Je me suis souvent demandé pourquoi la pièce « En attendant Godot » de Samuel Beckett était, avec « La Cerisaie » de Tchekhov, les textes qui ont le plus de succès dans notre théâtre ces dernières années.

Chez Beckett, Vladimir et Estragon, les personnages, sont deux clochards, on dira SDF aujourd’hui, qui survivent dans une atmosphère de « fin du monde », en attendant leur sauveur, Godot, qui, ils le devinent, ne viendra pas. Ils ne sont d’ailleurs pas du tout sûr qu’il existe ce Godot. Pourtant ils ne font rien d’autre qu’attendre, chaque jour, cela semble leur seul espoir.
A l’opposé, dans la Cerisaie, une riche famille va tout perdre demain, sa maison, ses biens si elle ne réagit pas. Et pourtant dans l’insouciance, elle passe la nuit à danser et à faire la fête. Et l’inéluctable arrive, leur monde s’écroule.

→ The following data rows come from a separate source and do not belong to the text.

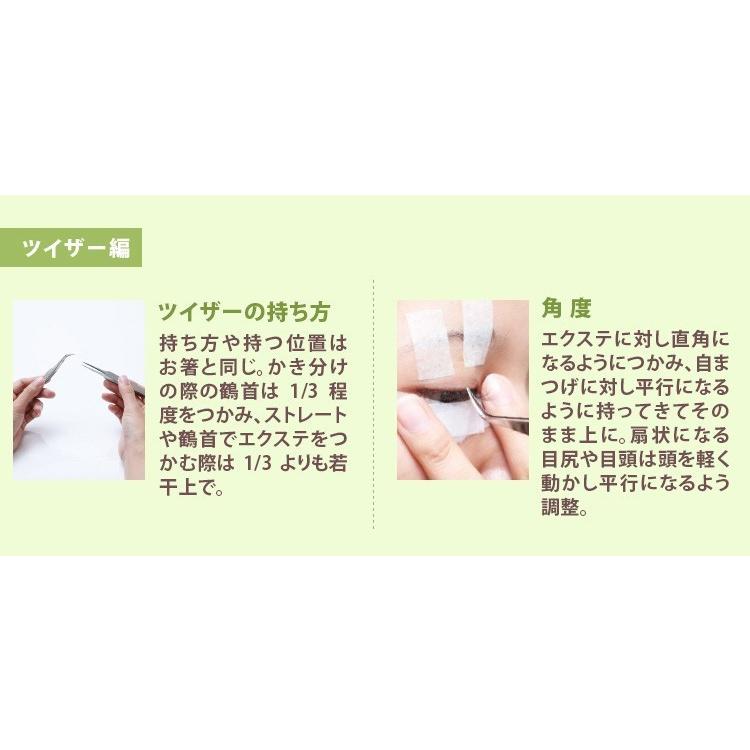まつげエクステ キット C 1本タイプ 新12点セット 大人アイ ロイヤル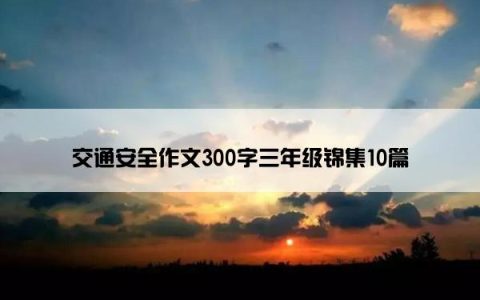 交通安全作文300字三年级锦集10篇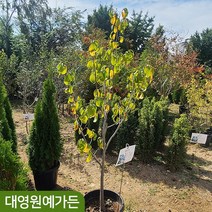 [차량/착불] 포포나무(뽀뽀나무) R4 R5 흙분 천연항암성분 천연살충제, 01. R4 흙분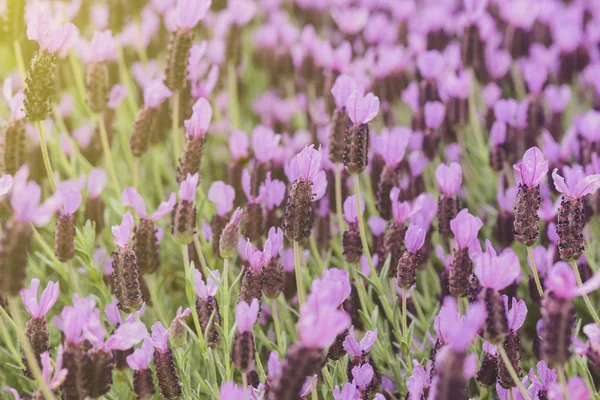 Flores de lavanda espanholas — Fotografia de Stock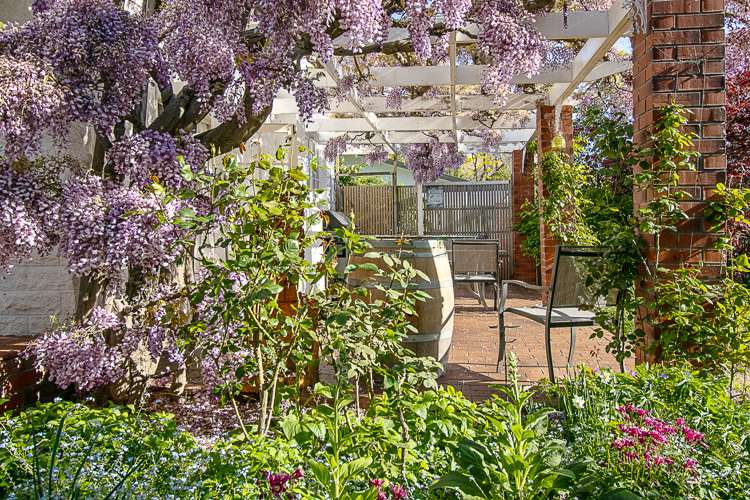 12a Hammond Place Witherlea_45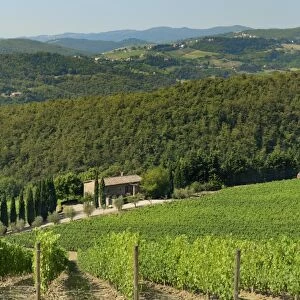 Vineyard and olive grove, Pian D Albola, Radda in Chianti, Siena Province, Tuscany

Aujourd’hui nous pouvons lire chaque jour dans la presse que « le pire est possible ». Le pire, c’est à dire non seulement perdre sa maison et devenir SDF (que la grande précarité, la misère, dans l’organisation humaine qui est la notre, menace une part grandissante des hommes, nous le savions déjà) mais bien pire encore, disparaître en tant qu’espèce. Ce que avec un soupçon de vanité propre à l’homme et à son intelligence nous appelons « la fin du monde ».
Il y a pourtant dans cette perspective terrible, aujourd’hui non seulement possible mais bien crédible, une raison de se réjouir.
Nous sommes condamnés… à la solidarité. Si nous voulons éviter le pire bien entendu. Sinon nous sommes tous condamnés tout court. Riche et Pauvre, Nord et Sud, Orient et Occident.
La catastrophe qui s’annonce n’est pas tombé du ciel, c’est notre organisation humaine qui en est la cause.
Produire et croître toujours plus sans autres finalités que croître et produire, gavant une minorité et frustrant une majorité. Il nous faudra nous « entendre » sur d’autres règles que celles des valeurs boursières et de l’organisation mondiale du commerce. Ce qui est intéressant, il va nous falloir imaginer d’autres façons de vivre et de vivre ensemble.
L’utopie d’un monde partagé, ouvert, sans frontières va devenir crédible. Car elle est notre seul espoir de survivre. Autrement il faudra suivre les vieilles croyances qui nous promettent toujours plus de richesses et de sécurité en construisant une forteresse où derrière nos barbelés et nos ordinateurs, nous pouvons nous protéger de l’invasion des « autres ».
Par un renversement de l’Histoire, un récent film de science fiction montre une population des Etats-Unis, bouleversée par un changement climatique, obligée de fuir pour survivre et de tenter de franchir…la frontière du Mexique !
Ce que nous possédons est si fragile…

L’autre mondialisation n’est pas seulement souhaitable, elle est notre seul avenir.
Une spectatrice à la fin d’une représentation de « Godot » nous avait dit : « On est si bien avec ces deux là, si proche d’eux, ils sont si chaleureux, on a pas envie de les quitter, on aimerait faire durer encore… ». faire durer quoi ? pourtant la pièce est longue. Et pour meubler ce temps qui n’en finit pas, ils le passent à s’engueuler et à se réconcilier. Ils pensent même à se suicider mais n’en ont pas le courage. Espérons.